◆ **TASK**
Return all the data below as it stands, minus the pictures.

◆ **SOURCE DATA**
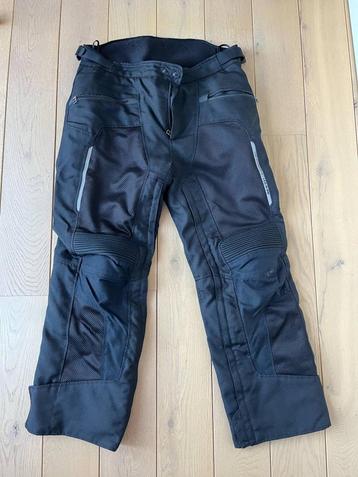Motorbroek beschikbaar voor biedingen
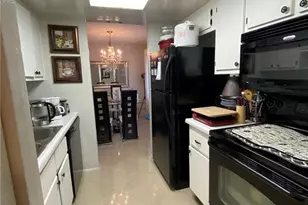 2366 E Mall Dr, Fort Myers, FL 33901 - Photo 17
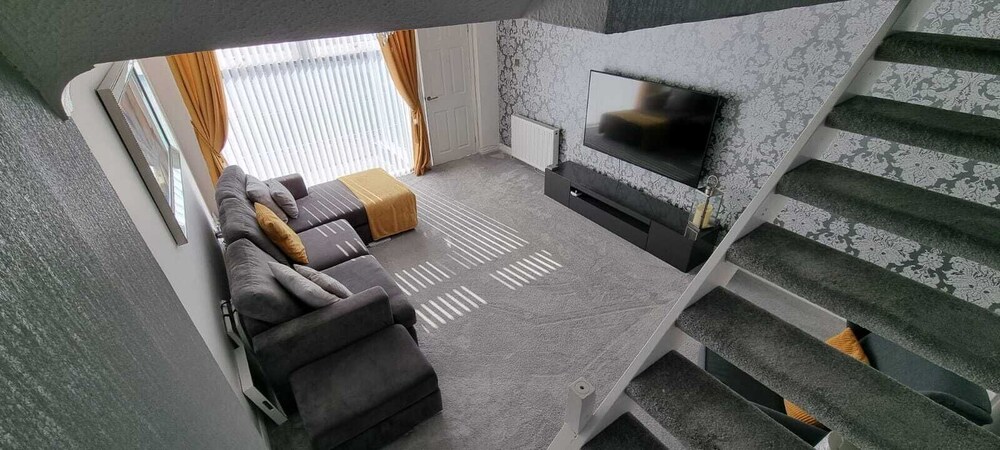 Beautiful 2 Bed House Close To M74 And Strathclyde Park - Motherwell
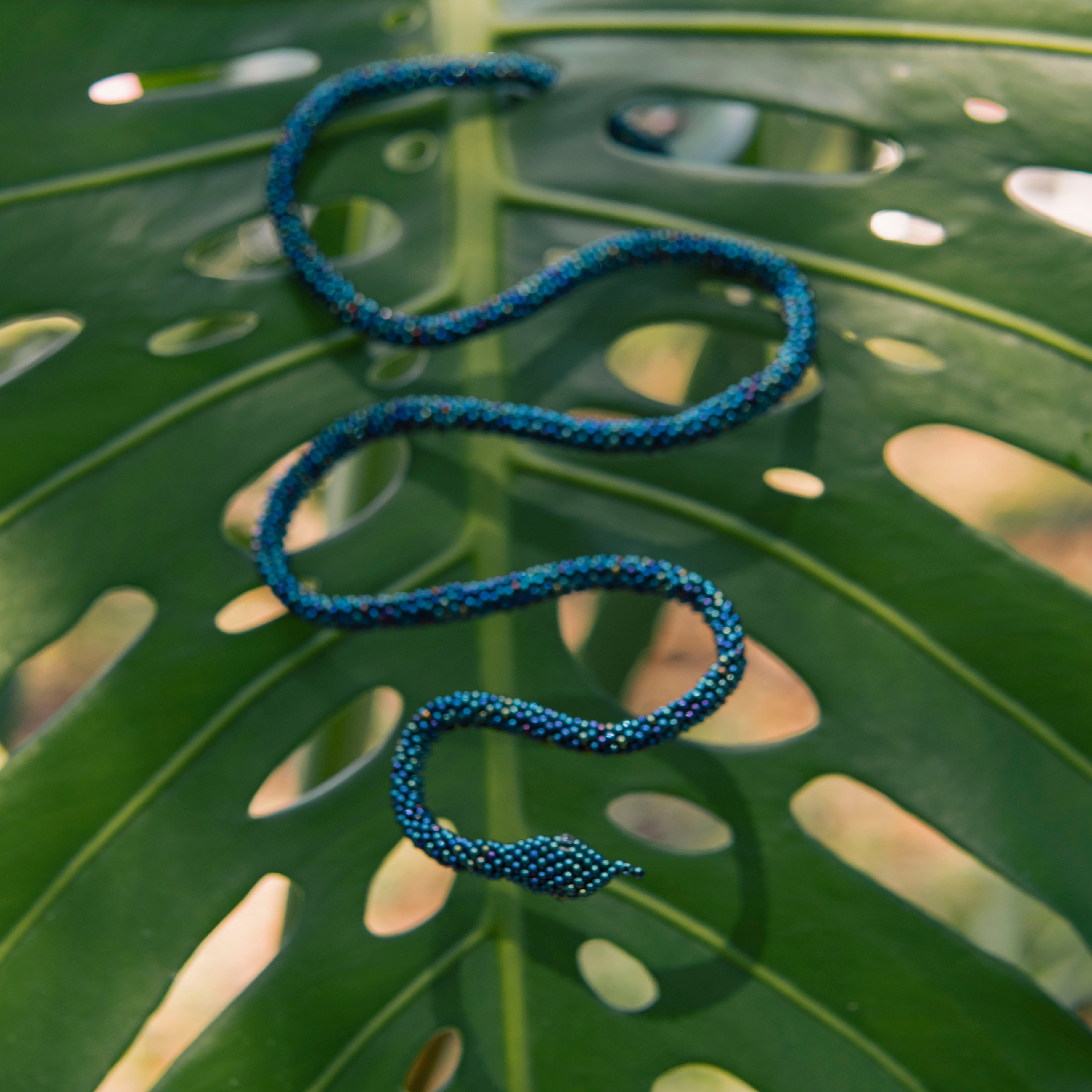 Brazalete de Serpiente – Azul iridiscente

◆ **EXERCISE ANSWER**
Motorbroek beschikbaar voor biedingen
 2366 E Mall Dr, Fort Myers, FL 33901 - Photo 17
 Beautiful 2 Bed House Close To M74 And Strathclyde Park - Motherwell
 Brazalete de Serpiente – Azul iridiscente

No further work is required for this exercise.